- [Your task]
Whatever comes before the line containing "Riverside Farm &" stays out; transcribe that line and all that follow to the end of the records exactly, with no pictures.

[Supplied records — start]

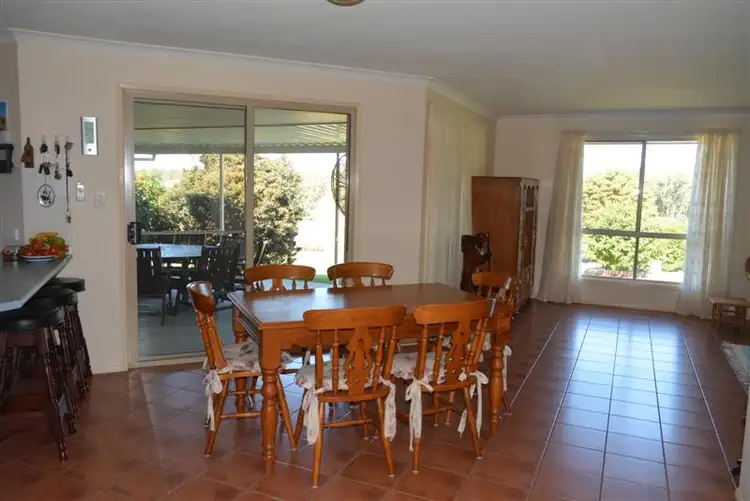 Sixth view of Homely house listing, Address available on request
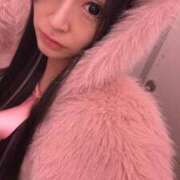 ヒメ日記 2026/08/07 00:05 投稿 ろあ One More 奥様　松戸店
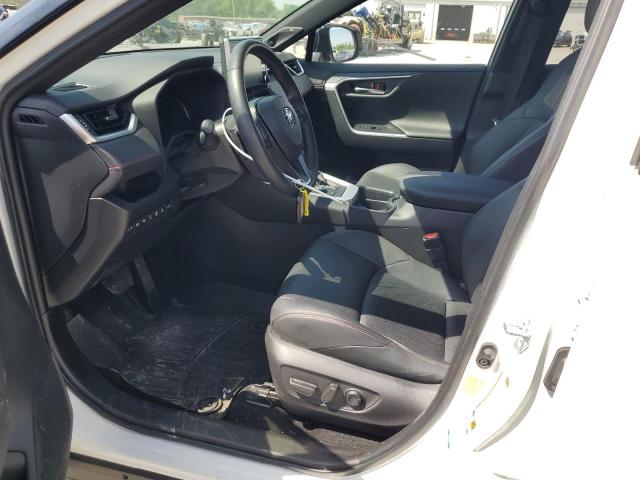 Photo 7 from auction – 2021 TOYOTA RAV4 PRIME with VIN JTMFB3FV2MD071658
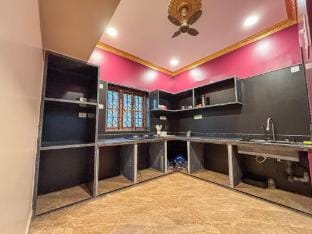 Riverside Farm & Homestay Vacation rental in Goa, India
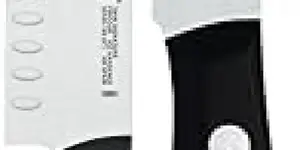 Zwilling Sushi Knife: Top 5 Picks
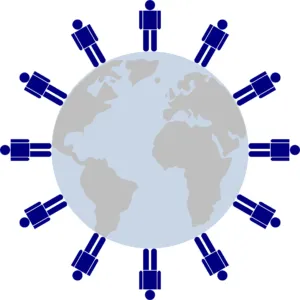 globe-689405_1920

[Supplied records — finish]

- [Your solution]
 Riverside Farm & Homestay Vacation rental in Goa, India
 Zwilling Sushi Knife: Top 5 Picks
 globe-689405_1920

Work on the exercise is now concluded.